GUESTS WHO COME IN FROM THE FOREST
hen mist fills the Himalayan valleys, and heavy monsoon rain sweeps across the hills, it is natural for wild creatures to seek shelter. Any shelter is welcome in a storm—and sometimes my cottage in the forest is the most convenient refuge.
There is no doubt that I make things easier for all concerned by leaving most of my windows open. I am one of those peculiar people who like to have plenty of fresh air indoors—and if a few birds, beasts and insects come in too, they’re welcome, provided they don’t make too much of a nuisance of themselves.
I must confess that I did lose patience with a bamboo beetle who blundered in the other night and fell into the water jug. I rescued him and pushed him out of the window. A few seconds later he came whirring in again, and with unerring accuracy landed with a plop in the same jug.
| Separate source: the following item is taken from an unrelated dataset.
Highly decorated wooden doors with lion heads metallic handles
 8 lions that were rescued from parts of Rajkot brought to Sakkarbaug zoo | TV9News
I fished him out once more and offered him the freedom of the night. But attracted no doubt by the light and warmth of my small sitting room, he came buzzing back, circling the room like a helicopter, looking for a good place to land. Quickly I covered the water jug. He landed in a bowl of wild dahlias, and I allowed him to remain there, comfortably curled up in the hollow of a flower.
Sometimes, during the day, a bird visits me—a deep purple whistling thrush, hopping about on long dainty legs, peering to the right and left, too nervous to sing. She perches on the windowsill, looking out at the rain. She does not permit any familiarity. But if I sit quietly in my chair, she will sit quietly on her windowsill, glancing quickly at me now and then just to make sure that I’m keeping my distance. When the rain stops, she glides away, and it is only then, confident in her freedom, that she bursts into full-throated song, her broken but haunting melody echoing down the ravine.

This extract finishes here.